Three freespan volumetric indications were also found, with measured depths ranging to a maximum of only 19%. Again, the licensee elected to plug each of these tubes even though the indications were less than the repair limit of 40% of the initial wall thickness. The cause of these indications is not definitively known. The licensee believes these indications could be manufacturing buff marks that became indications under the sustained heating of the replacement SG first operating cycle or perhaps be caused by a transient loose part.

Since December 2001, the licensee has reported extremely low levels of secondary system activity corresponding to a primary-to-secondary leakage rate of approximately 0.01 - 0.03 gallons per day (gpd). Eddy current examination during RFO 2R15 revealed no indications which could explain this activity. The licensee considers a very small tube end weld imperfection in SG 22 to be the most likely source of this activity. Approximately 200 tube ends in SG 22 had weld repairs during SG fabrication and while they were successfully tested for leak tightness, the licensee states that the possibility exists that a minor flaw was missed or that the thermal stress of operation could have opened a subsurface flaw. A primary side visual inspection of the SG 22 tubesheet to look for leaks or surface indications at the tube-to-tubesheet welds revealed no anomalies.

Although loose parts were found on the secondary side in all four SGs, no loose part wear was found by eddy current examination (other than citing transient loose parts as a potential contributor to the three volumetric indications discussed above). The loose parts found by

inspection largely consisted of small pieces of wire bristle and sludge rock. A number of metallic objects were also found, mostly small in size. The licensee elected not to retrieve many of these loose parts which included sludge pebbles and rocks with diameters ranging from 1/8 to 3/8-inches and small wires/bristles with diameters of 1/64-inches and lengths ranging to 1.5-inches due to the limited size of these objects and the time and personnel exposure required to retrieve. In addition, the licensee states that an oval shaped metallic mass measuring 1/2 by 1/4-inches could not be retrieved. The licensee performed an analysis for each type of object remaining in the SGs and determined that the time required to wear a tube to the 40% tube repair limit is greater than two operating cycles, making the conservative assumption that such tubes contained 20% through wall wear during RFO 2R15. Eddy current examination did not reveal any indications of wear associated with these loose parts.

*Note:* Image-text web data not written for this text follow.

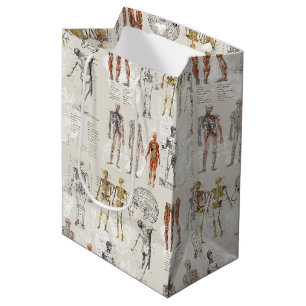 Illustrationen zur Vintagen Anatomie Mittlere Geschenktüte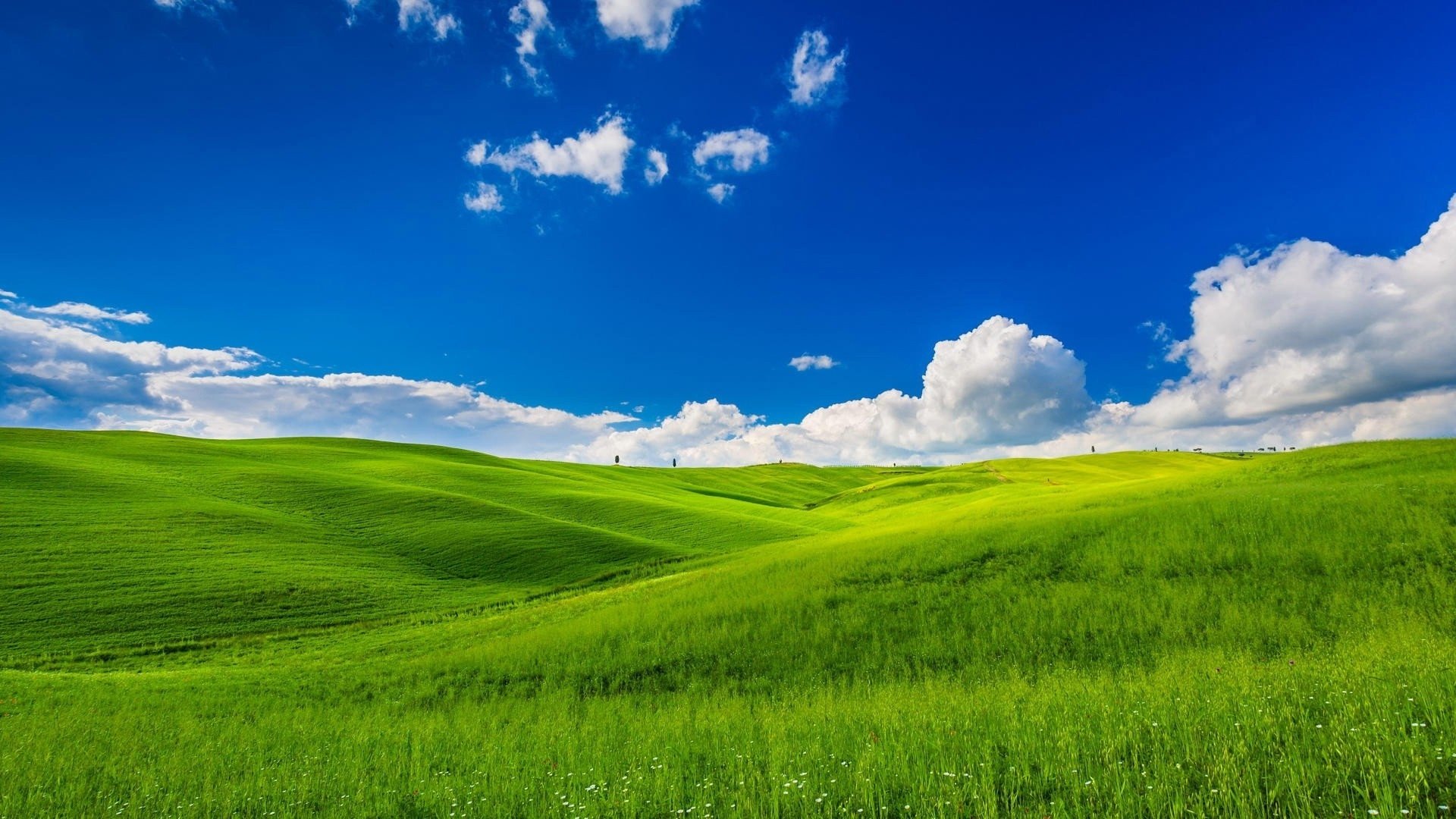 Grass And Sky Wallpapers - Wallpaper Cave
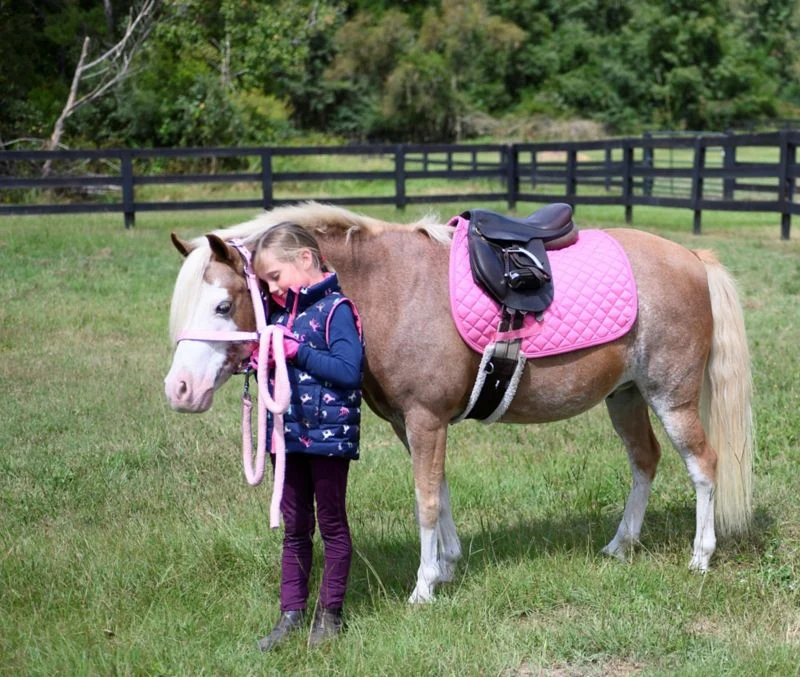 Gatsby Basic All-Purpose Saddle Pad - Image 16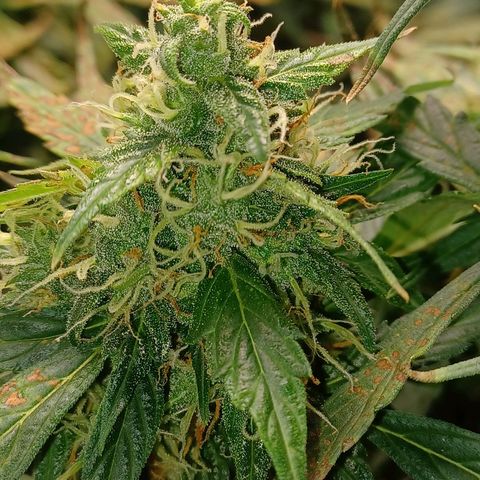 Gorilla Glue Auto growlog timeline photo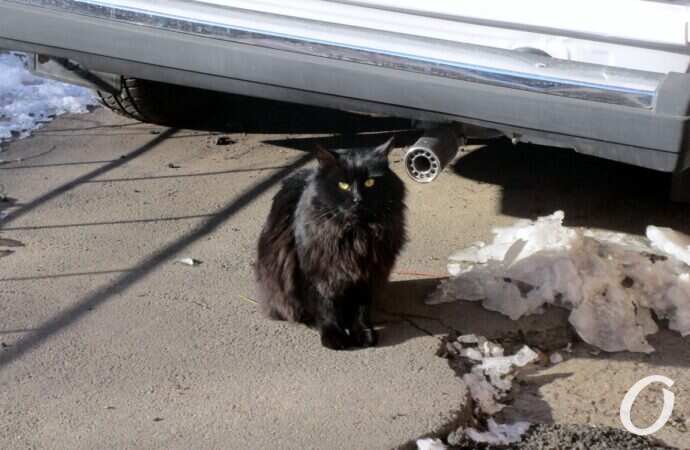 Зимние котики, на дорожке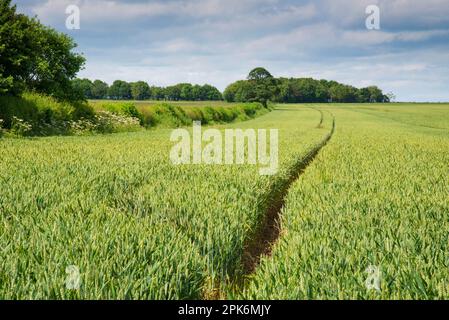 Blé (Triticum aestivum), têtes de semis non mûres qui poussent au champ avec du copse et du hedgerow, Driffield, East Yorkshire, Angleterre, Royaume-Uni Banque D'Images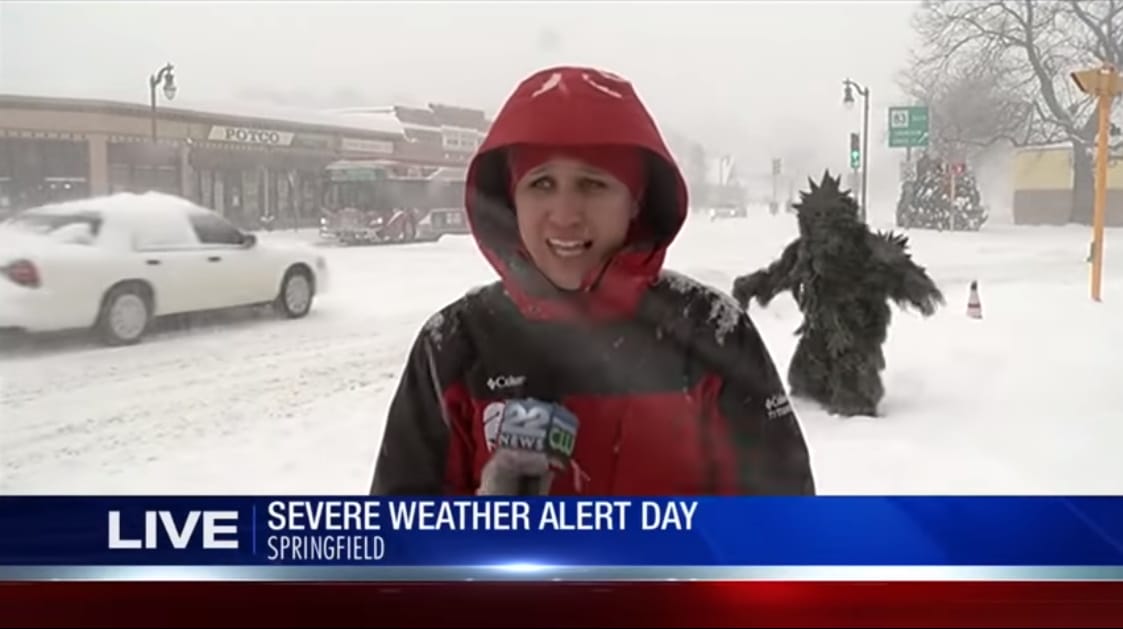 A ‘Pot Sasquatch’ Covered In Marijuana Leaves Crashed A Local News Report During Major Snowstorm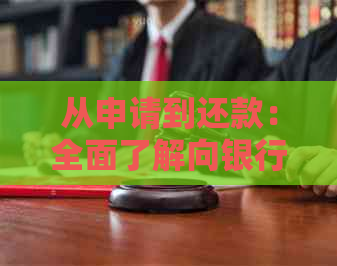 从申请到还款：全面了解向银行贷款的过程与注意事项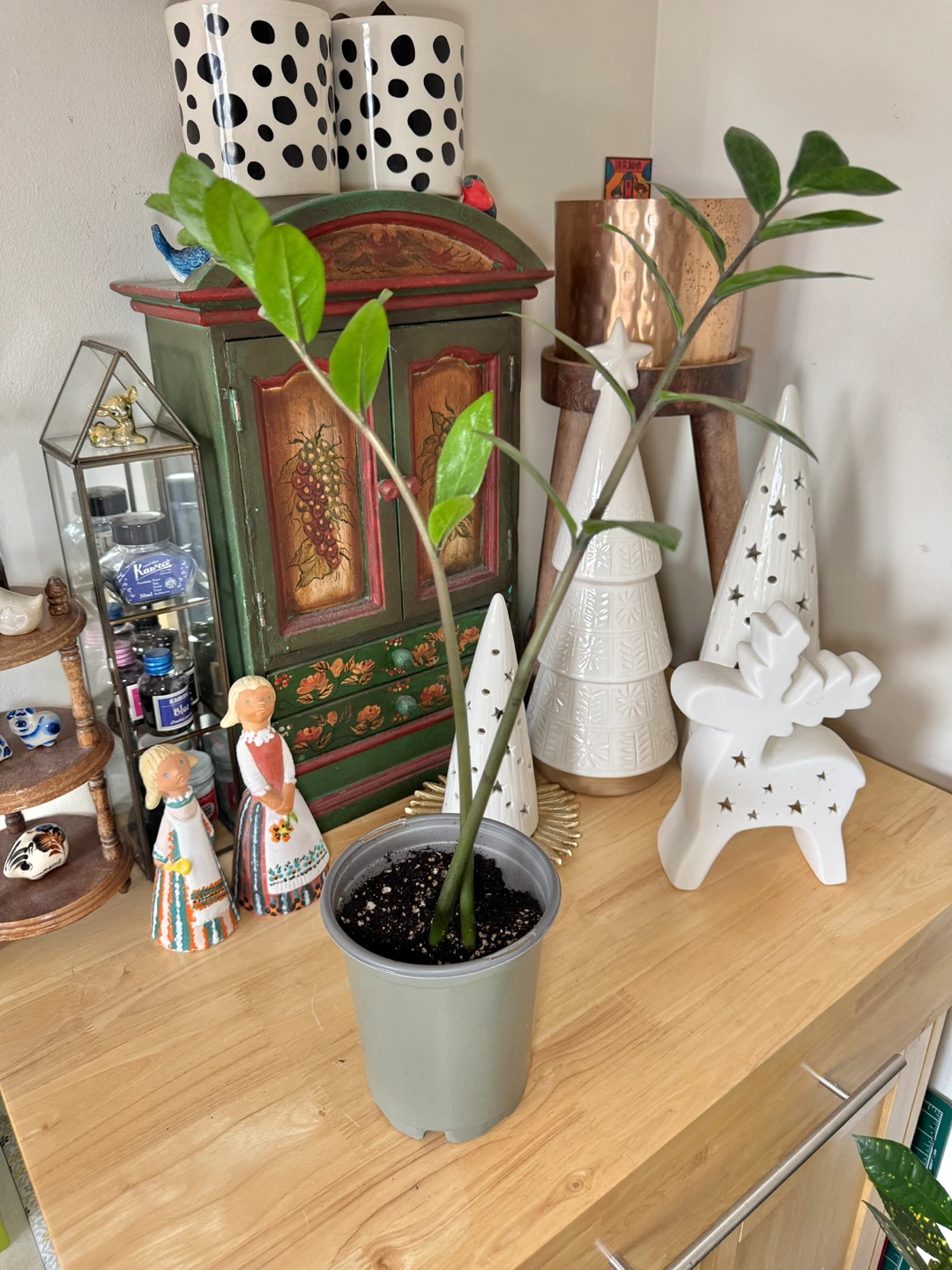 ZZ Plant - 2 Stalks - photo 3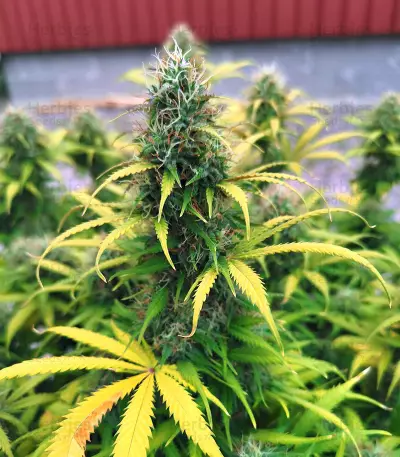 Original Auto Critical Seeds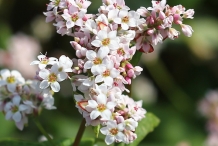 Close-up-flower-of-Buckwheat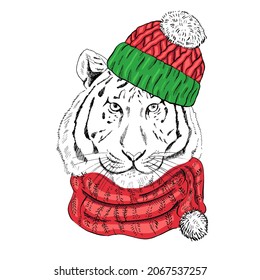 Hand - drawn portrait of a New Year tiger in a scarf and a knitted hat. Vector illustration. Vintage line sketch. Christmas illustration.
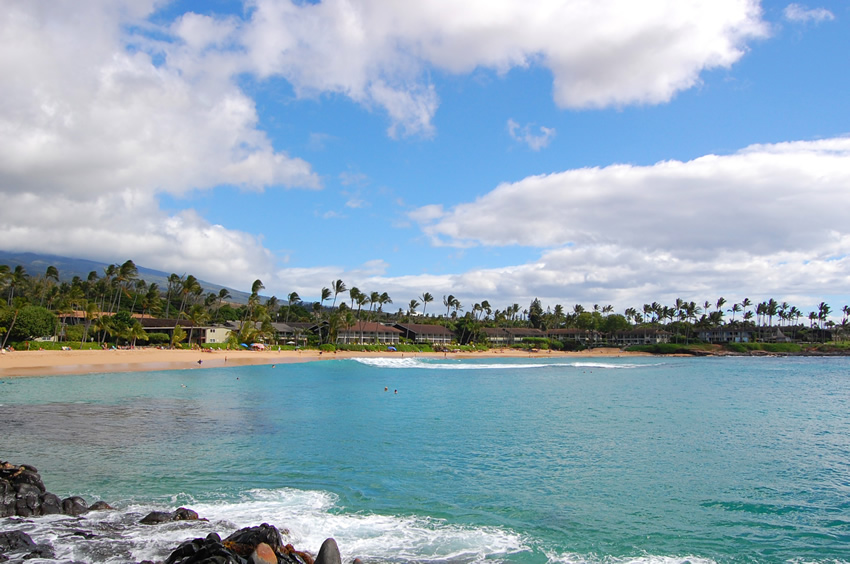 Walk Along the Shoreline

Based on these inspection results, the staff finds that active degradation at the time of RFO 2R15 was consistent with overall industry experience with replacement Model F SGs. This active degradation consists largely of a small number of wear indications at AVB supports plus, possibly, three volumetric flaws of undetermined cause. Each of the indications found were small relative to the flaw acceptance limits in the TSs (i.e., the 40% plugging limit) and, thus, the staff concludes that none of these indications degraded tube structural integrity margins or leak tightness to less than that assumed in the plant licensing and design basis. In view of the large number of loose parts which continue to be present in the SGs, the staff believes that loose parts related damage cannot be precluded as an active degradation mechanism.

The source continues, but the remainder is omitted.